Alinho-me à esquerda como me alinho para o Benfica, para séries de crimes e para uma bela dourada grelhada.
Mas se lados temos de escolher, o meu está escolhido. Num momento em que parece que do outro lado da barricada, o lado da direita, existe um progressivo desvio ainda mais para a direita, as vozes que se levantam são cada vez mais e mais altas.
E, portanto, agora é contra Ventura, marchar, marchar.
É a isto que se irá propôr, em princípio, qualquer pessoa que, mesmo não se autoidentificando como 'de esquerda', é um ser humano decente, respeitador do próximo e defensor dos ideais de democracia e igualdade.
Mas é importante não cometer um erro grave quando se discute a ascensão dos populismos de extrema direita e das suas perigosas ligações a personagens de áreas pouco saudáveis da nossa sociedade.

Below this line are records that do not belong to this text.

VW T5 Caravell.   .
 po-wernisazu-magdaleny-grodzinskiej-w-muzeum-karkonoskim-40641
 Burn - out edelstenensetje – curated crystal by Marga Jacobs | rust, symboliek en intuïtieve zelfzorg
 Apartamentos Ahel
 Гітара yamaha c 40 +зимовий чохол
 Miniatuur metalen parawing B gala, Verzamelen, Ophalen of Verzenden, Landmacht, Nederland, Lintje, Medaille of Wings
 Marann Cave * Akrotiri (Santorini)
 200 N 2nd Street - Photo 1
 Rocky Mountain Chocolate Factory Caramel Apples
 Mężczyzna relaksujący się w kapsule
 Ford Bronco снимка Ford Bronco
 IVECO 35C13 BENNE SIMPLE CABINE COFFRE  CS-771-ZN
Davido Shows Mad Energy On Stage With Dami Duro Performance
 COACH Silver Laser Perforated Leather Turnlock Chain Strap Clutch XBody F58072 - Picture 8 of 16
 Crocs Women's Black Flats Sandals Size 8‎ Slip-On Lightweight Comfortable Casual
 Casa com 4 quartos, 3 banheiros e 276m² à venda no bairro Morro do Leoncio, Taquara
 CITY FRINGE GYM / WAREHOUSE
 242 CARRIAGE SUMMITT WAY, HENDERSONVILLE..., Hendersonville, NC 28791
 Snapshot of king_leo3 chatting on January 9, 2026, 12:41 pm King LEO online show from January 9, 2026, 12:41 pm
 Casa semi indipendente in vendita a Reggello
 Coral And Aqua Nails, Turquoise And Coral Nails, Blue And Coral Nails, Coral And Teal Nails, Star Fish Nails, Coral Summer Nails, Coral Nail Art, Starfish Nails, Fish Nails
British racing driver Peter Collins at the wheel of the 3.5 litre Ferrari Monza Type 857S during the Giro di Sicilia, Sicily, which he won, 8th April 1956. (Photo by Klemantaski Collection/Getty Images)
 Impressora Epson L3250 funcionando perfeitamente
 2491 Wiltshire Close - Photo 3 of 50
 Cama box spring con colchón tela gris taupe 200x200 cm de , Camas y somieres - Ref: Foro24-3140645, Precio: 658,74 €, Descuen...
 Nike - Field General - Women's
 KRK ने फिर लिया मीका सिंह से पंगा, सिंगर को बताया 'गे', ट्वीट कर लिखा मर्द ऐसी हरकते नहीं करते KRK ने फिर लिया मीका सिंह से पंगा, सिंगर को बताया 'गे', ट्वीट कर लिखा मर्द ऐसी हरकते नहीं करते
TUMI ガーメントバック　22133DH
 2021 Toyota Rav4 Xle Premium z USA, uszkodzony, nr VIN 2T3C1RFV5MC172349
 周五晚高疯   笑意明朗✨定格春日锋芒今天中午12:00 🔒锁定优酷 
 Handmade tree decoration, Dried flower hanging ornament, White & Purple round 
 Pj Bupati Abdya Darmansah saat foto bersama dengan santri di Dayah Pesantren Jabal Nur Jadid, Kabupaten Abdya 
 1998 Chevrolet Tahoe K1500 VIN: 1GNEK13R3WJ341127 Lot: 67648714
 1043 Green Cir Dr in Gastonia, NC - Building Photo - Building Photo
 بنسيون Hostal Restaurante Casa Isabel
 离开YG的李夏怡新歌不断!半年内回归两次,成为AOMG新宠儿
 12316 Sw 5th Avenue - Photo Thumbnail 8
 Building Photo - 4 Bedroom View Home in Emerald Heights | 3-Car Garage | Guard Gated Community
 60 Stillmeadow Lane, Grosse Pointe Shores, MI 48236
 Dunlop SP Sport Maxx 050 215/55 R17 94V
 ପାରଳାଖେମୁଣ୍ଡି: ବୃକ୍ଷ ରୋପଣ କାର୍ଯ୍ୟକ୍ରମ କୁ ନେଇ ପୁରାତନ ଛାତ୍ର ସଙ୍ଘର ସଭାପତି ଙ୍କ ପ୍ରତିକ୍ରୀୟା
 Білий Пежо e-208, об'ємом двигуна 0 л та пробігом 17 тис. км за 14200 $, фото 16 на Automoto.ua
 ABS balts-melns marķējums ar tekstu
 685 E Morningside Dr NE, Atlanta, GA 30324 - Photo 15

O erro consiste em achar que não assentam num pequena base de verdade. É ignorar que, por trás do manto de raiva e ódio, existem motivos reais. O fundamento para o voto de raiva em Ventura é consequência de um desgaste enorme com os casos Sócrates, Ricardo Salgado, BES, TAP, entre outros - inclusivé, o muito badalado assunto da comunidade cigana, assunto que toda a esquerda (e a nossa sociedade no geral) decidiu ignorar ao longo de anos por não saber ouvir os problemas das pessoas reais e o qual dá a ganhar imensos votos a Ventura, porque não tem que ser tabu que existem, em determinados pontos do país, problemas sérios entre a comunidade cigana e o resto da população. Não discriminar não significa não criticar. E foi isso que o Chega soube fazer de forma bastante inteligente e brejeira.
O populismo não nasce do ar, não se abrem cabeças a pessoas e se lhes põem lá dentro ideais racistas ou xenófobos. O populismo ganha força exactamente por ouvir as dores de uma parte significativa da população, mesmo de uma população que não se identifica totalmente com os ideias da extrema direita. O que faz a seguir é distorcer muita da realidade e oferecer uma salvação para todo esse desastre - ou para acabar com a escumalha, como diria Ventura. E a solução recai numa só pessoa, nesse culto de personalidade que se está a tornar o seu partido.
Será um erro ignorar que há muita coisa errada neste país. Como terrível exemplo, vemos hoje, no trágico e anunciado auge de uma pandemia, que somos dos países com menor número de camas de Cuidados Intensivos per capita na Europa.
Podia-se fazer muito melhor em muitos sítios, a corrupção existe e não deve ser tabu, e cada vez mais gente acha que se brinca com o seu dinheiro, com o dinheiro que todos os meses desconta do seu já parco salário para o Estado.
Ignorar tudo isso será oferecer votos a André Ventura.